Bureaus and offices with DOI approved deviations in place prior to
October 29, 2019 are not required to resubmit those for reconsideration
following the procedures in this paragraph (d)(3). The following
requirements apply for review, approval, and posting of programmatic
indirect cost rate waivers:
(i) Program qualifications. Programs that have instituted a
program-wide requirement and governance process for deviations from
federally negotiated indirect cost rates may qualify for a programmatic
deviation approval.
(ii) Deviation requests. Deviation requests must be submitted by
the responsible senior program manager to the DOI Office of Grants
Management. The request for deviation approval must include a
description of the program, and the governance process for negotiating
and/or communicating to recipients the indirect cost rate requirements
under the program. The program must make its governance documentation,
rate deviations, and other program information publicly available.
(iii) Approvals. Programmatic deviations must be approved, in
writing, by the Director, Office of Grants Management. Approved
deviations will be made publicly available.
(4) Voluntary indirect cost rate reduction. On any single award, an
applicant and/or proposed recipient may elect to reduce or eliminate
the indirect cost rate applied to costs under that award. The election
must be voluntary and cannot be required by the awarding official,
NOFO, program, or other non-statutory or non-regulatory requirements.

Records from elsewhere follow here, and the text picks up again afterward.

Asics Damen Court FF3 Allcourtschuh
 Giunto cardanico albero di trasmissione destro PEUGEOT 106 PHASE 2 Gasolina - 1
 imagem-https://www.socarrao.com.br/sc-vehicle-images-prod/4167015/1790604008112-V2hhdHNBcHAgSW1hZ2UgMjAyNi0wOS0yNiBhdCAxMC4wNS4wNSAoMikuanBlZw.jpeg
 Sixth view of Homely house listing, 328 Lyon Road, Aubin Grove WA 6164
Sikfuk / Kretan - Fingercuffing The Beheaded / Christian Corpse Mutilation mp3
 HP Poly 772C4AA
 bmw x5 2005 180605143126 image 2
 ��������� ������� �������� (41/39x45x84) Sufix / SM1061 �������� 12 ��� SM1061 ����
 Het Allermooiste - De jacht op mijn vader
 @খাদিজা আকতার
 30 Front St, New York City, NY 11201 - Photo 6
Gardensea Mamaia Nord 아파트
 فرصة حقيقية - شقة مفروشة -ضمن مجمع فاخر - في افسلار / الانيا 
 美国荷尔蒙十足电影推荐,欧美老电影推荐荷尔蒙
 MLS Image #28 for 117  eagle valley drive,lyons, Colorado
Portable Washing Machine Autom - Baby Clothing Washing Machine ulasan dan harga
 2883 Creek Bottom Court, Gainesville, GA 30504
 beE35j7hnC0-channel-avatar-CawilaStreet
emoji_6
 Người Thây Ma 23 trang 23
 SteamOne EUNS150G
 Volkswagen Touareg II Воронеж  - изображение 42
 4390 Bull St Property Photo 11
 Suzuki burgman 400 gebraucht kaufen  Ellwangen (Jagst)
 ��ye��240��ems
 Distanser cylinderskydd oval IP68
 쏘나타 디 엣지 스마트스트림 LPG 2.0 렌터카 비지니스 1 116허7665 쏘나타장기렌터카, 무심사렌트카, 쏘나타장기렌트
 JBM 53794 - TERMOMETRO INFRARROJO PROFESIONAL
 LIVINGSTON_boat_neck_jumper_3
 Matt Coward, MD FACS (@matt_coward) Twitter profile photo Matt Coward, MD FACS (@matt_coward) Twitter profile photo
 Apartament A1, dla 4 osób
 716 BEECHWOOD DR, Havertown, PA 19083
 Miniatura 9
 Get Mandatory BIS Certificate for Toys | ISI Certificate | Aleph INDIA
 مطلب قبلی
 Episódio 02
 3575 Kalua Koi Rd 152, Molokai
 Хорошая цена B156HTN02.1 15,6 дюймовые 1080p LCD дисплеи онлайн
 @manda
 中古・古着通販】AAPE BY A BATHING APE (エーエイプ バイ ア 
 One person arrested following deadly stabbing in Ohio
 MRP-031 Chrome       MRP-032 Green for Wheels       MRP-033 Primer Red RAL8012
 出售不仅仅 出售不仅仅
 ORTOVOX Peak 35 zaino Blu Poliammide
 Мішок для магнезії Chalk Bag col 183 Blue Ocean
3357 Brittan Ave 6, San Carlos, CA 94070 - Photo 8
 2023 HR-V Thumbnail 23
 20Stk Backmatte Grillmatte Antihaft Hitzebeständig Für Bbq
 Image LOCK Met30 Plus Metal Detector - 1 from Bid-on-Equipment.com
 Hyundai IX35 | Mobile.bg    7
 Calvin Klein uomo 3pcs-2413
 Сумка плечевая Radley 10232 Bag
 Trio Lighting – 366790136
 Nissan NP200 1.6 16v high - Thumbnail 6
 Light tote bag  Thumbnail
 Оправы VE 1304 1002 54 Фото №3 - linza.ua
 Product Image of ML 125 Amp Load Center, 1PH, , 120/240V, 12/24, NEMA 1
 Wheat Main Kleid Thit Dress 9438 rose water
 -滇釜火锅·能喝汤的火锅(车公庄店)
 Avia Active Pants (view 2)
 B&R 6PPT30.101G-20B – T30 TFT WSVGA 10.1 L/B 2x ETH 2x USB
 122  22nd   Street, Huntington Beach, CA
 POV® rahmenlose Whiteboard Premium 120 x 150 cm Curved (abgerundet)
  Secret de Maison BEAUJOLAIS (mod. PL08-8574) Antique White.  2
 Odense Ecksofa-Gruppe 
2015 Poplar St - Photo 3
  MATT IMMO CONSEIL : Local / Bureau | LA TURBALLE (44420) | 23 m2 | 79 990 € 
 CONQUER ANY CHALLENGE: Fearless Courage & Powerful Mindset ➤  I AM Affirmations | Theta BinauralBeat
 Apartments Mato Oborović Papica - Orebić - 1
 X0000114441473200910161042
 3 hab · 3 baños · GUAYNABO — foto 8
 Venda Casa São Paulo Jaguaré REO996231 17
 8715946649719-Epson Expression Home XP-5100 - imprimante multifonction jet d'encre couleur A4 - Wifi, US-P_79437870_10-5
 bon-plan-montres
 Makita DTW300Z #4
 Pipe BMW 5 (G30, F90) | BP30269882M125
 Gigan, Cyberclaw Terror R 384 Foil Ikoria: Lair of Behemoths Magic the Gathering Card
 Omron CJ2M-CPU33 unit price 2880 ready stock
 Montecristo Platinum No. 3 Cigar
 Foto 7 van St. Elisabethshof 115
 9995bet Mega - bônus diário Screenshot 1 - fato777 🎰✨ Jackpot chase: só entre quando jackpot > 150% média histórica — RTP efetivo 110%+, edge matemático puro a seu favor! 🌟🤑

For these award-specific and voluntary reductions, DOI can accept the
lower rate provided the notice of award clearly documents the
recipient's voluntary election. Once DOI has accepted the lower rate,
that rate will apply for the duration of the award.
(5) Unrecovered indirect costs. In accordance with 2 CFR 200.405,
indirect costs not recovered due to deviations to the federally
negotiated rate are not allowable for recovery via any other means.
Sec. Sec. 1402.415-1402.499 [Reserved]
Scott J. Cameron,
Principal Deputy Assistant Secretary for Policy Management and Budget.